You are viewing a plain text version of this content. The canonical link for it is here.
Posted to dev@subversion.apache.org by Garrett Rooney <ro...@electricjellyfish.net> on 2006/02/24 18:03:35 UTC

Prototype Big Checkout Blocker

So several of the potential ideas for dealing with disruptively large
checkouts involved writing custom Apache modules.  Paul already posted
his example of a module that reduces the priority of requests to check
out certain URLs, so I thought it might be nice to explore other
possibilities.

Specifically, I want something that can actually block the request
entirely, not just reduce its priority, and it should NOT interfere
with REPORT requests that are not updates/checkouts/exports.  Also,
eventually it would be nice to be able to extend this to support
stopping overly large replay requests while not interfering with
REPORTs to these URLs that are not resource intensive.

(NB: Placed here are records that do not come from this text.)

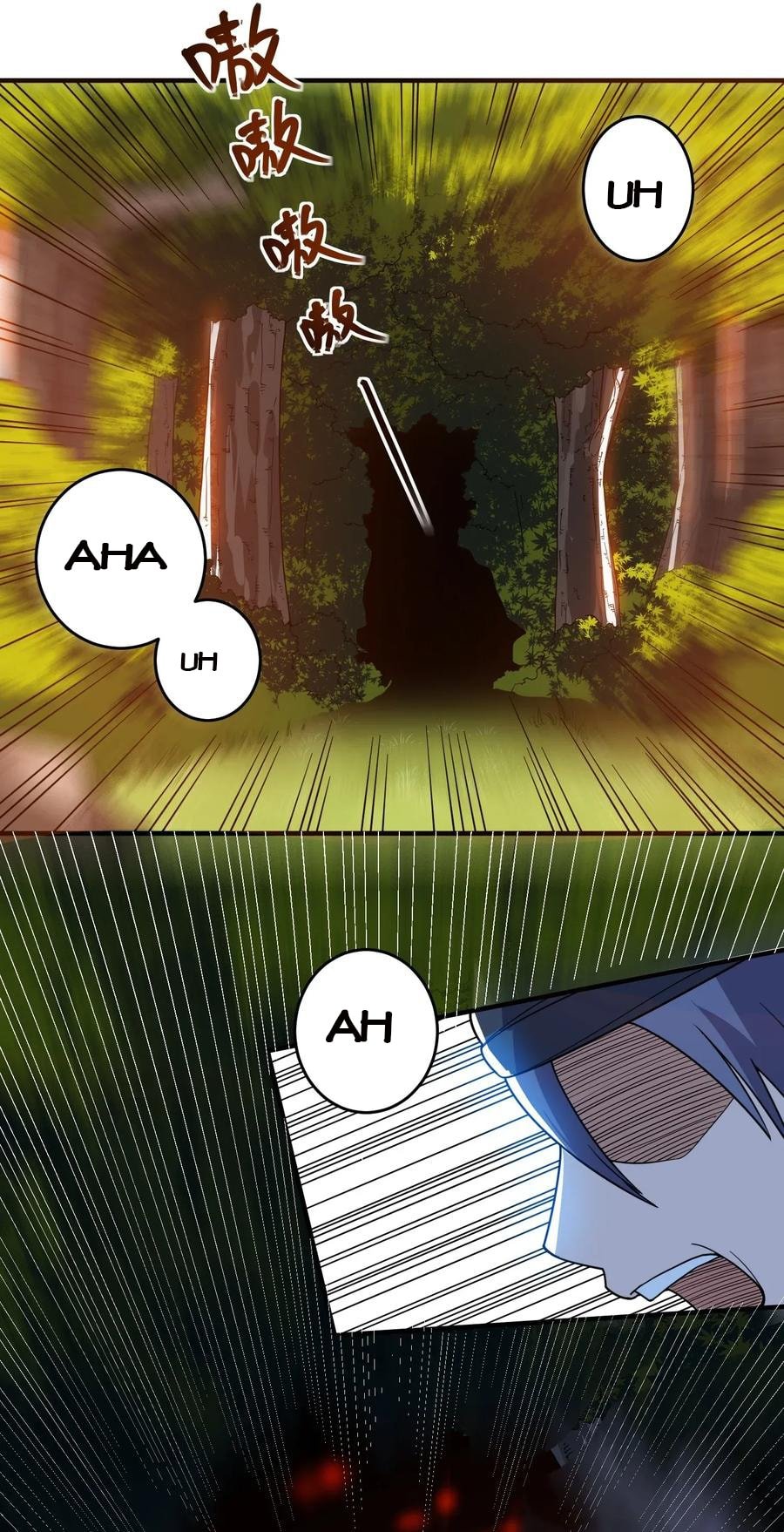 Yuanlong - Manhua chapter 103 - page 33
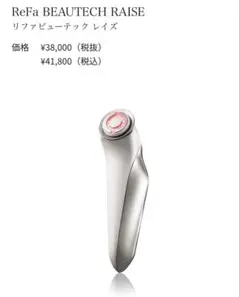 2026年最新】REFA beautech raiseの人気アイテム - メルカリ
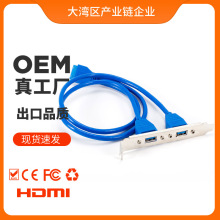 USB3.0���往 ����USB3.0 20pin����Uչ�� �pUSBĸ���������L��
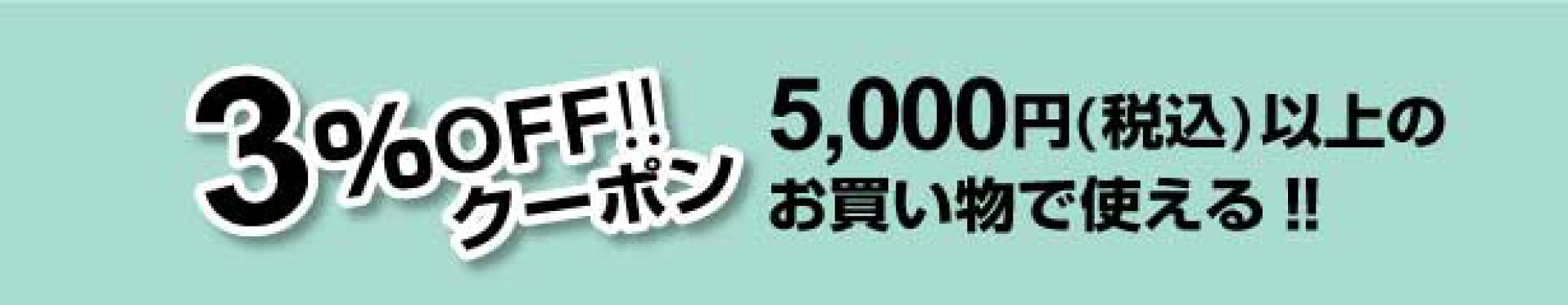 3%ＯＦＦクーポン
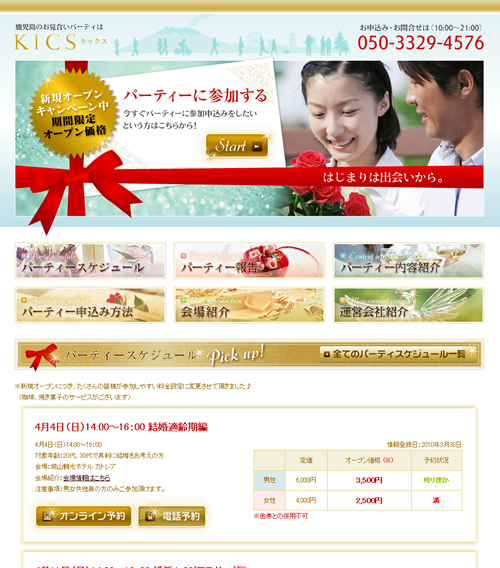 KICSトップページイメージ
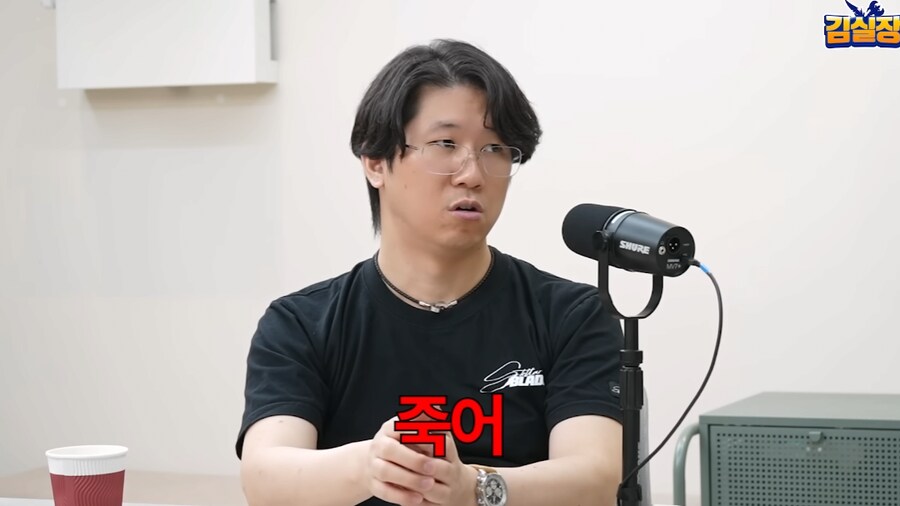 김형태가 만들고 싶었던 액션 게임 jpg_20.png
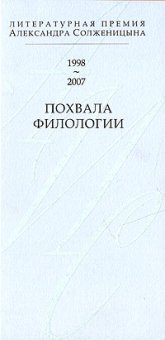 Похвала филологии. Литературная премия Александра Солженицына 1998-2007,  купить книгу в Либроруме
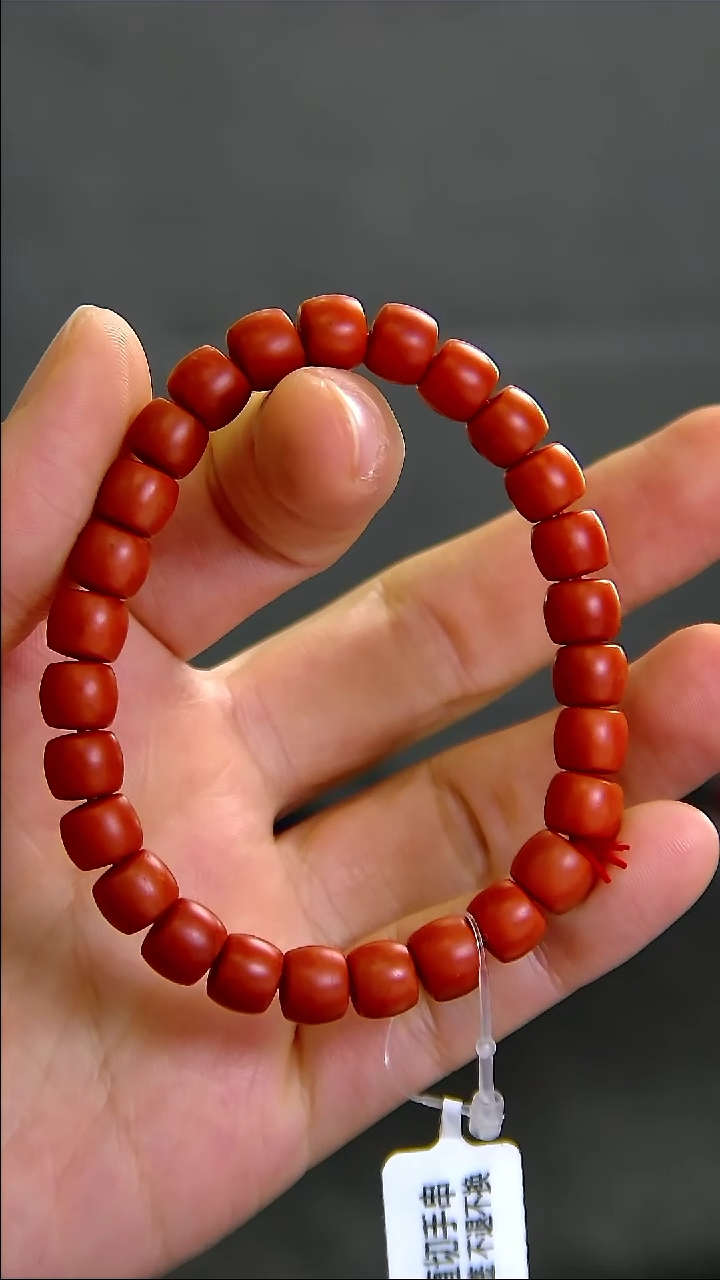 【闪购商品】南红玛瑙手串未镶嵌034DY00308产品一个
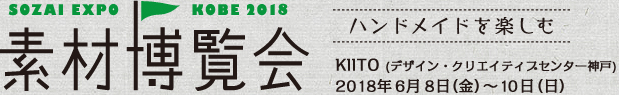 素材博覧会 神戸2018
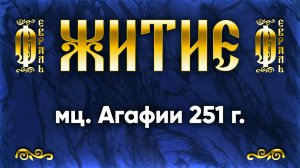 18 февраля Житие мц. Агафии 251 г. — Жития святых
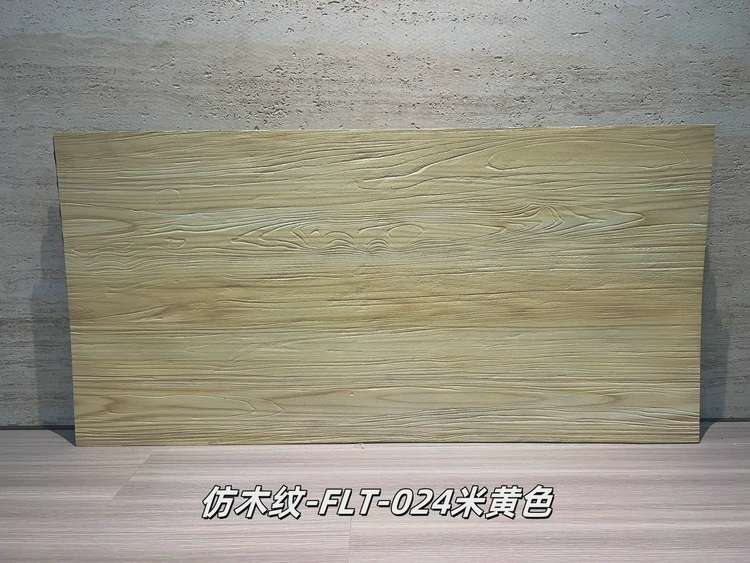 米黄色仿木纹柔性石材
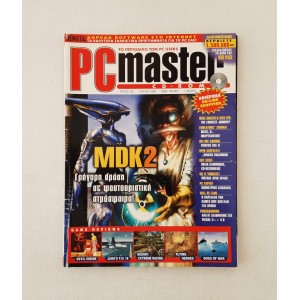 PC Master 2000 τεύχος 125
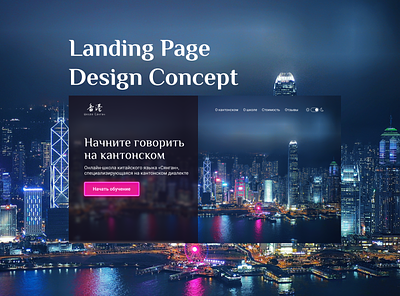 Landing Page for Cantonese Online School cantonese chinese design landing landingpage ui web webdesign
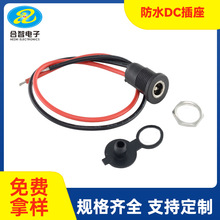 ��ˮDC�����B�wע�܎��B�Ӿ�DCĸ������ĸ��ˮñ����DC�Դ����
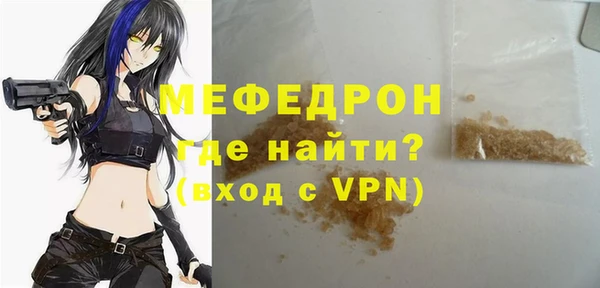 бошки Михайловск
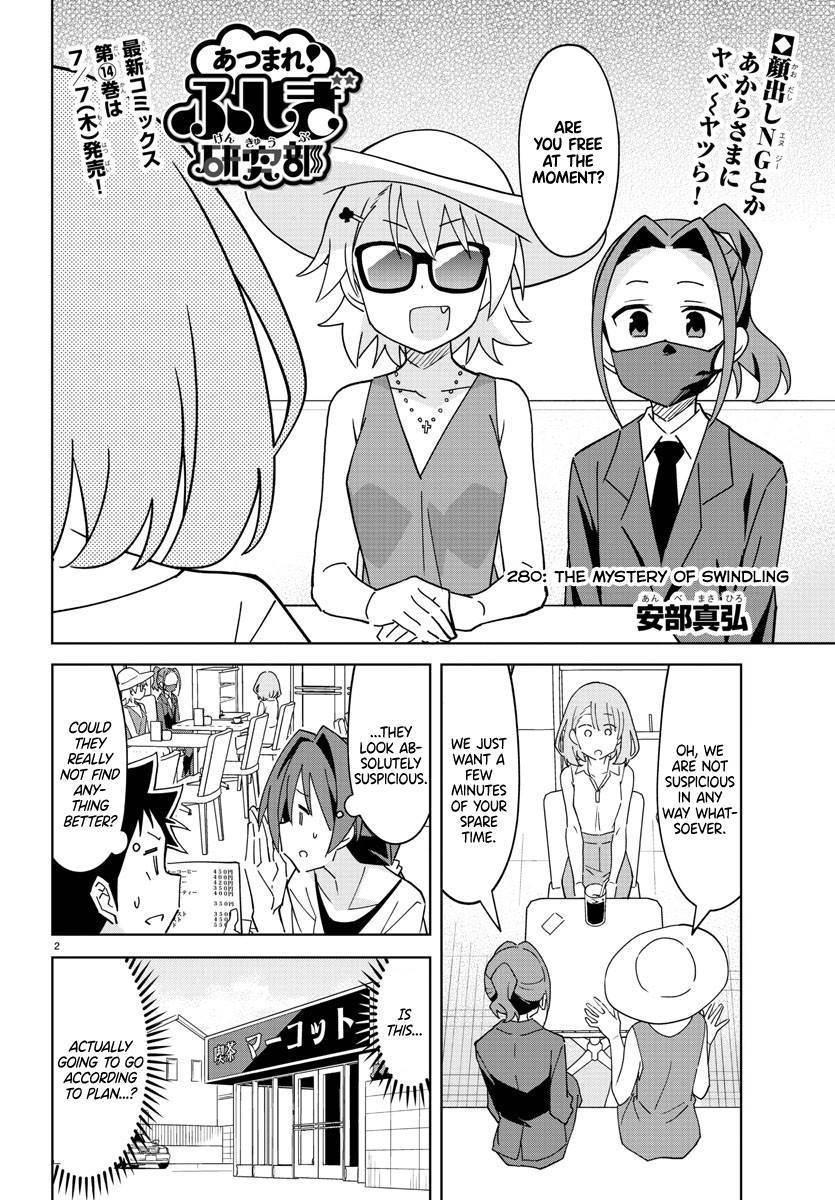 Page 2 of Chapter 280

What I've got here is a prototype for mod_limit_svn, it's implemented
as an Apache input filter (which is apparently a reasonably rare thing
to do, I actually had trouble finding good examples of this stuff,
most people seem to do their filtering on the output side, not the
input side) which parses the body of REPORT requests looking for
parameters that are problematic.

Right now, all it does is block checkouts of the root of the
repository, but eventually I want to extend it so that the list of
paths it blocks are configurable.  It's also smart enough to avoid
blocking "safe" uses of the update-report, like diff (of course, that
means it's not blocking potentially unsafe things like 'switch', but
we are limited by the information provided by the protocol).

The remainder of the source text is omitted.